Он вновь и вновь с такой настойчивостью уговаривал меня навестить вместе его сестру, у которой истекал срок вдовьего траура и которая жила теперь с теткой в старинном замке, что я не могла ему отказать. Для приличия я немного поупиралась, но на самом деле мне было совершенно безразлично, туда ехать или сюда; своей цели я могла достичь любым способом; и когда он сказал мне, что я не на шутку его огорчу, если не уделю ему по меньшей мере недели две, я ответила, что с удовольствием поеду и дело с концом.

На развилке дорог мой спутник показал мне на правое ответвление этого ландшафтного игрека и сказал:

– Нам сюда.

Остальные пожали нам руки и поехали другой дорогой.

Спустя несколько часов мы прибыли в место нашего назначения.

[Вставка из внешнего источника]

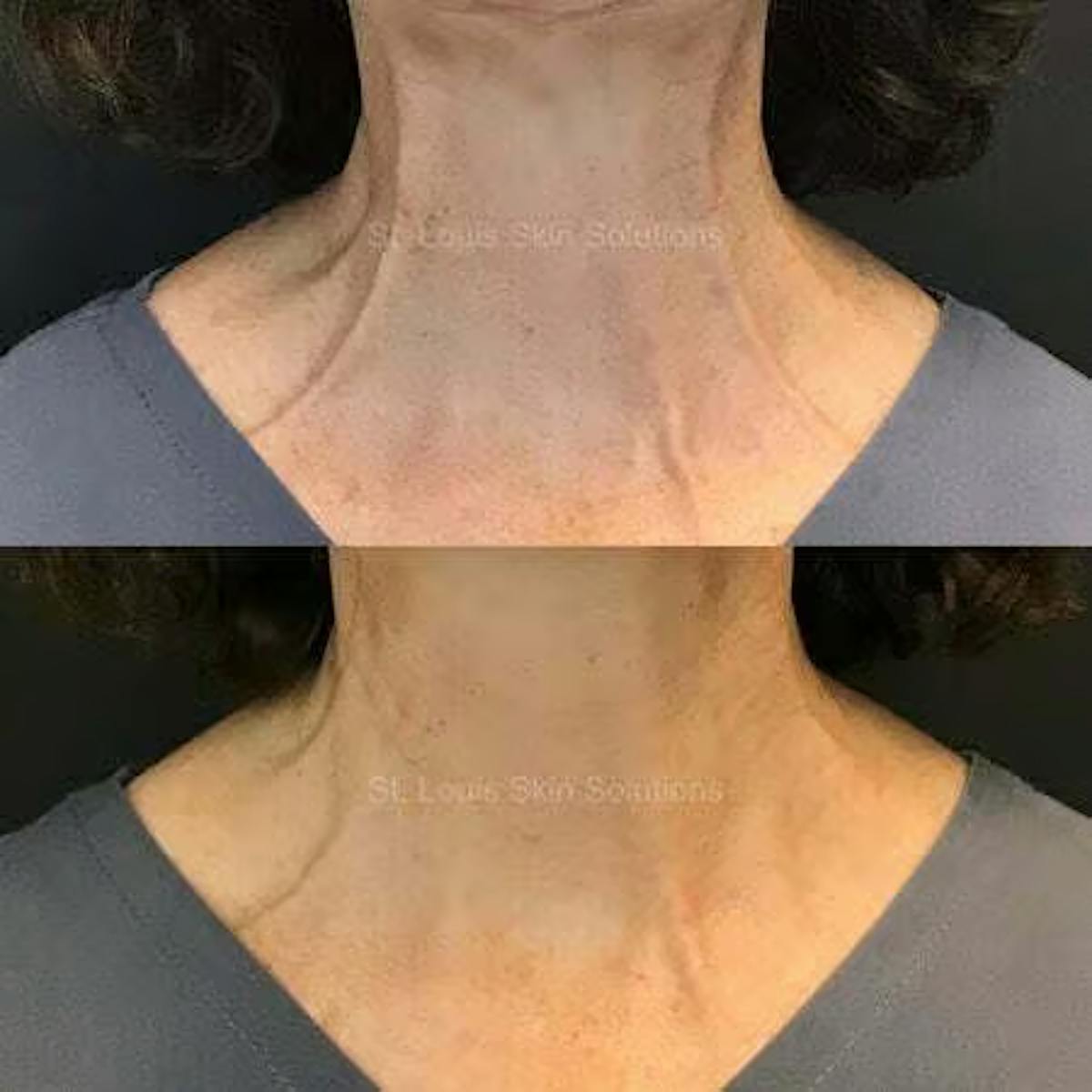 Neurotoxins Before & After Gallery - Patient 810910 - Image 1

Парк отделялся от большой дороги довольно широким рвом, который вместо воды был полон густой и обильной растительностью; ров был облицован тесаным камнем, а по углам щетинились огромные железные артишоки и репейники, – казалось, они, подобно настоящим растениям, выросли в расселинах каменной кладки; через этот сухопутный канал был переброшен одноарочный мостик, по которому можно было проникнуть за ограду.

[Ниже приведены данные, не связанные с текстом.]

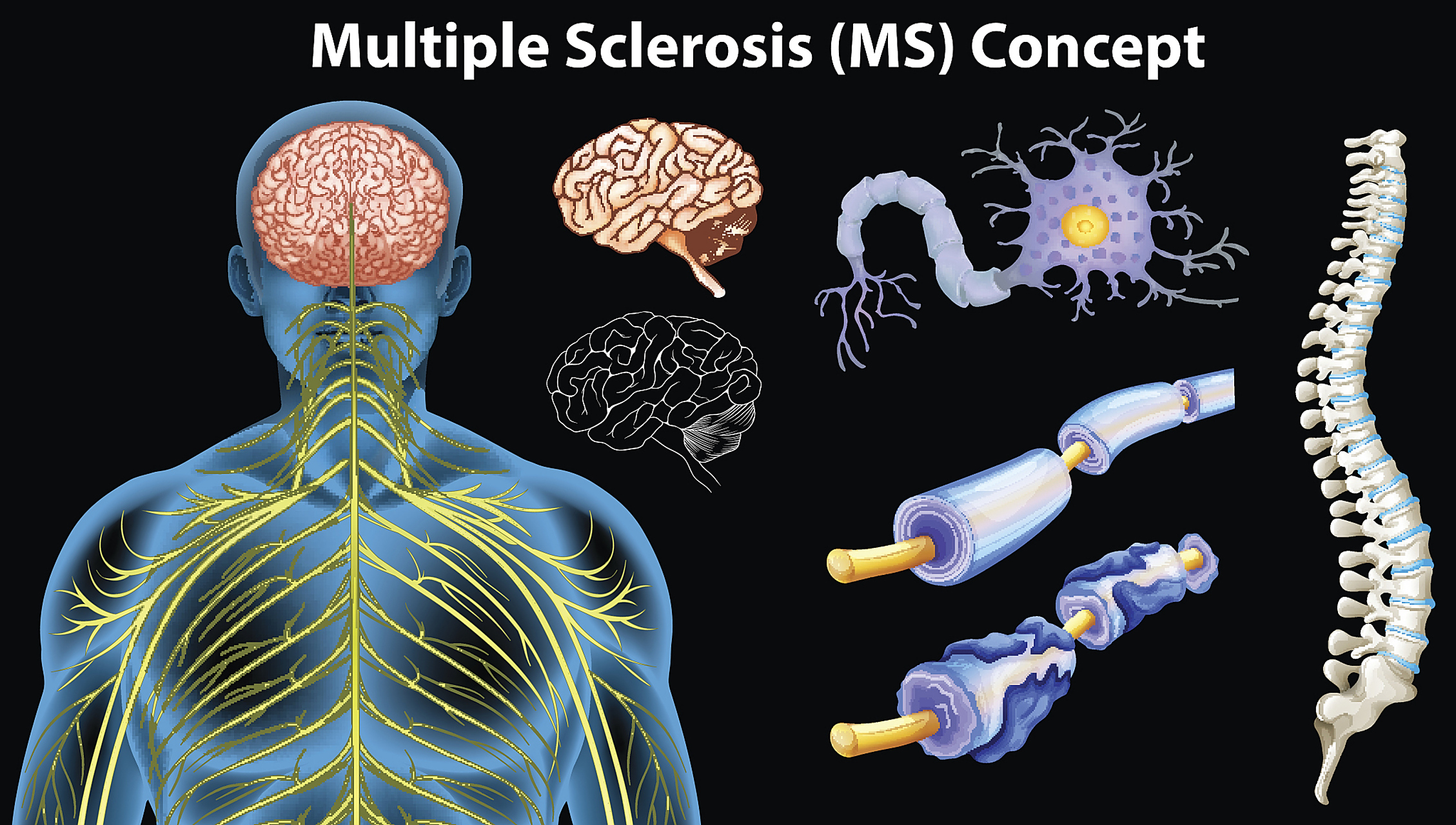 症患者日常生活需要注意哪些问题  多发性硬化症(multiple sclerosis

Прежде всего перед вами открывалась аллея могучих вязов, смыкавшихся в вышине наподобие арок свода и подстриженных на старинный манер; следуя по этой аллее, вы попадали на круглую площадку, к которой сходились несколько дорог.

Деревья тут выглядели не просто старыми, а скорее старосветскими: они словно были в париках и присыпаны белой пудрой; им оставили только по небольшому пучку зелени на самой макушке; все прочее было тщательно сострижено, так что эти деревья можно было принять за великанские султаны из перьев, воткнутые в землю на равном расстоянии один от другого.

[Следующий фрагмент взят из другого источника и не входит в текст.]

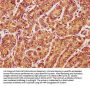 RANBP17 Antibody
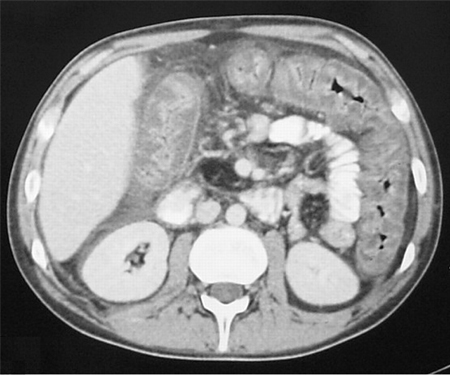 Clostridioides difficile-associated disease images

Миновав круглую площадку, поросшую ровно подстриженной нежной травкой, нужно было еще проехать под странным сооружением из листвы, украшенным цилиндрами, пирамидами и шероховатыми колоннами, причем все это было вырезано при помощи усердных ножниц из густых зарослей букса. Сквозь просветы в зелени справа и слева мелькали то полуразрушенный изысканный замок, то изъеденные мхом ступени иссякнувшего каскада, то ваза, или статуя нимфы, или пастушка с отбитым носом и пальцами, на плечах и голове у которой приютилась стайка голубей.

Перед замком простирался сад, разбитый на французский манер; клумбы были очерчены с безупречной симметрией при помощи падуба и букса; все вместе напоминало скорее не сад, а ковер: пышные цветы в бальных туалетах, с величественной осанкой и безмятежными лицами, точь-в-точь герцогини, собирающиеся пройтись в менуэте, приветствовали вас легким кивком головы. Другие, явно менее воспитанные, застыли прямо и неподвижно, наподобие сановных вдов, не участвующих в танцах. Кусты всех мыслимых форм, исключая лишь ту, что присуща им от природы – круглые, кубические, заостренные, треугольные или похожие на серые барабаны, – казалось, маршировали вереницей вдоль главной аллеи и за руку подводили вас к первым ступеням крыльца.

Несколько башенок, заблудившихся среди более новых построек, выступали поверх здания на всю высоту своих черепичных кровель, остроконечных и похожих на гасильники свечей, и железные их флюгера в форме ласточкиных хвостов свидетельствовали о весьма почтенной давности сооружения. Все окна центрального павильона выходили на один общий балкон, украшенный железной балюстрадой необыкновенно искусной работы и весьма нарядный, остальные же были обрамлены каменными резными наличниками с орнаментом из вензелей и бантов.

Прибежали не то четыре, не то пять огромных псов и зашлись в лае, выделывая в воздухе фантастические прыжки. Они скакали вокруг лошадей, бросаясь им прямо в морды; особенным ликованием встретили они лошадь моего товарища, которую, надо думать, частенько навещают на конюшне и сопровождают во время прогулок.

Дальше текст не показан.